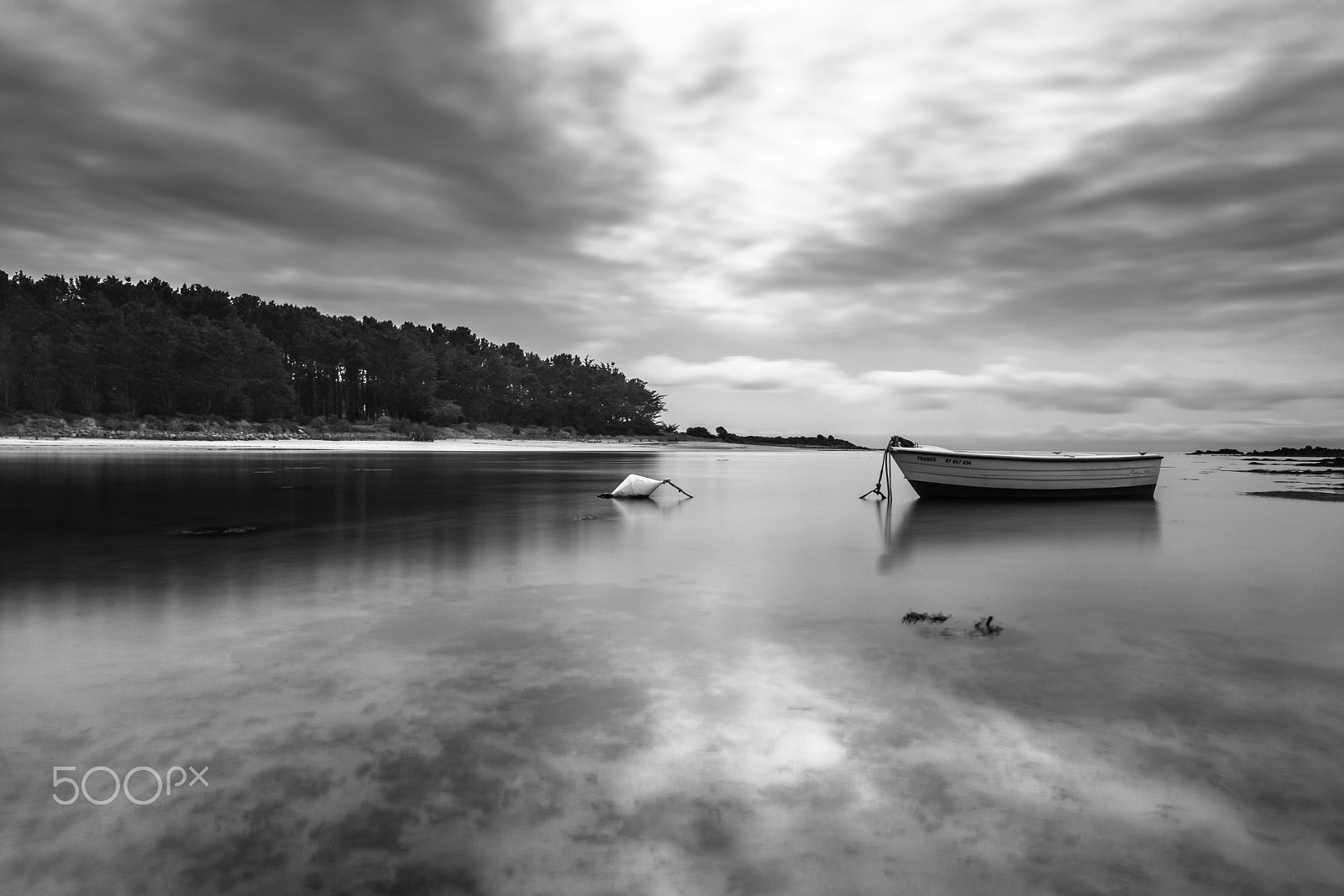 Sigma 10-20mm F3.5 EX DC HSM sample photo. Le calme avant la tempête photography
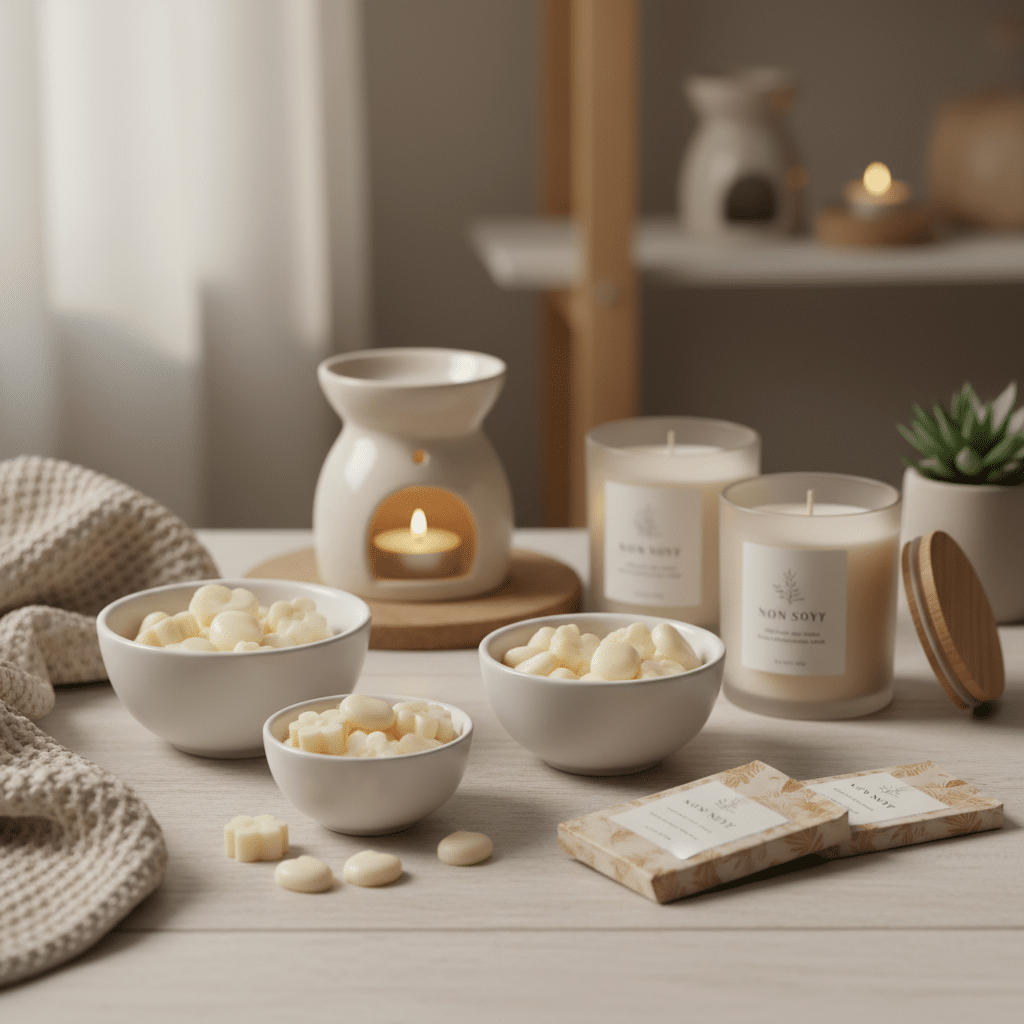 Thoughtful & Fragrant: The Ultimate Guide to Non-Soy Wax Melt Gifts - Discover the perfect non-soy wax melt gifts for any occasion. Matty's Candles of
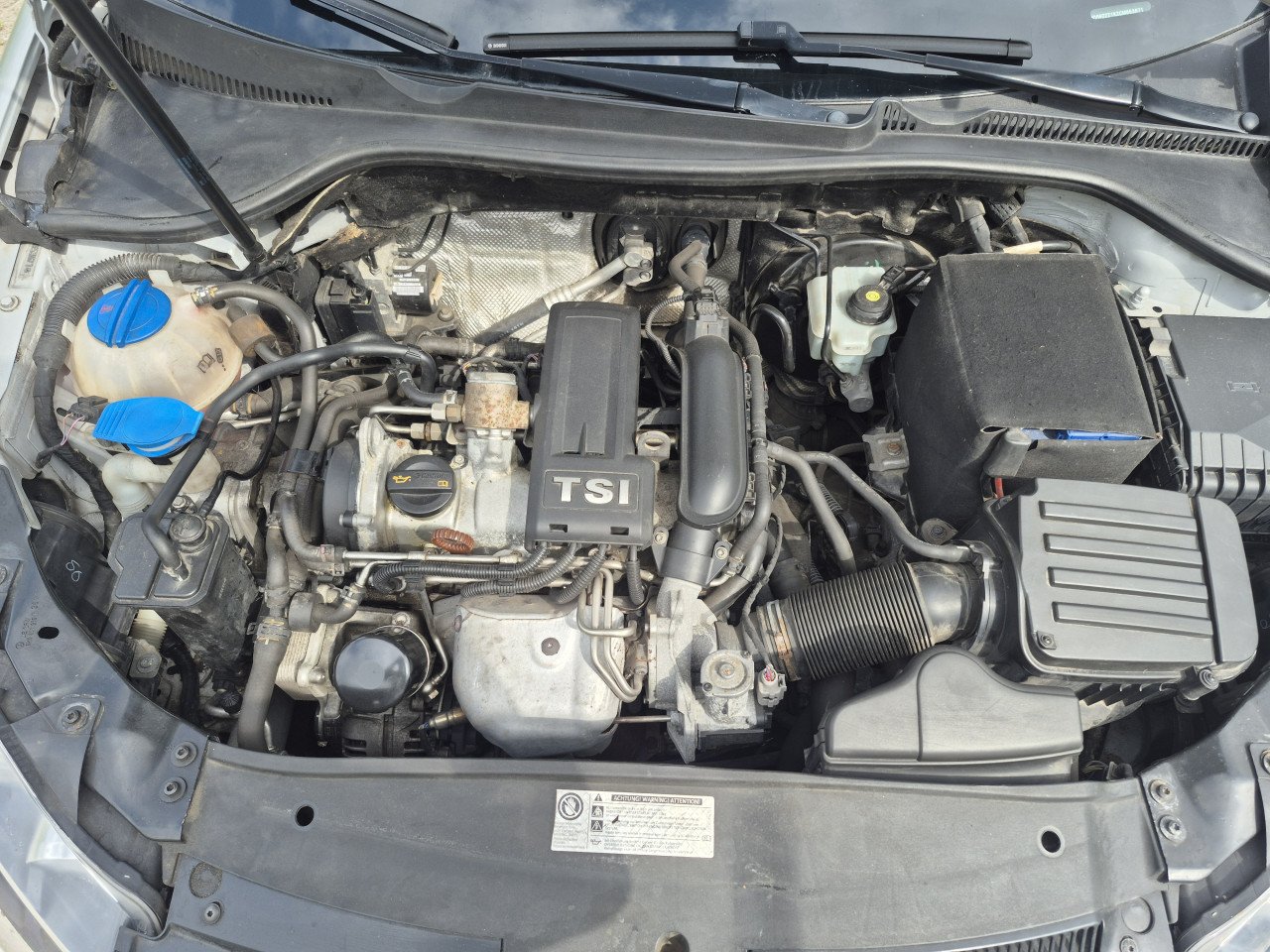 Volkswagen golf 1.2tsi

(Problem details):
Give every line of the data above again as it stands; the pictures stay out.

(Reply to the task):
 Sigma 10-20mm F3.5 EX DC HSM sample photo. Le calme avant la tempête photography
 Thoughtful & Fragrant: The Ultimate Guide to Non-Soy Wax Melt Gifts - Discover the perfect non-soy wax melt gifts for any occasion. Matty's Candles of
 Volkswagen golf 1.2tsi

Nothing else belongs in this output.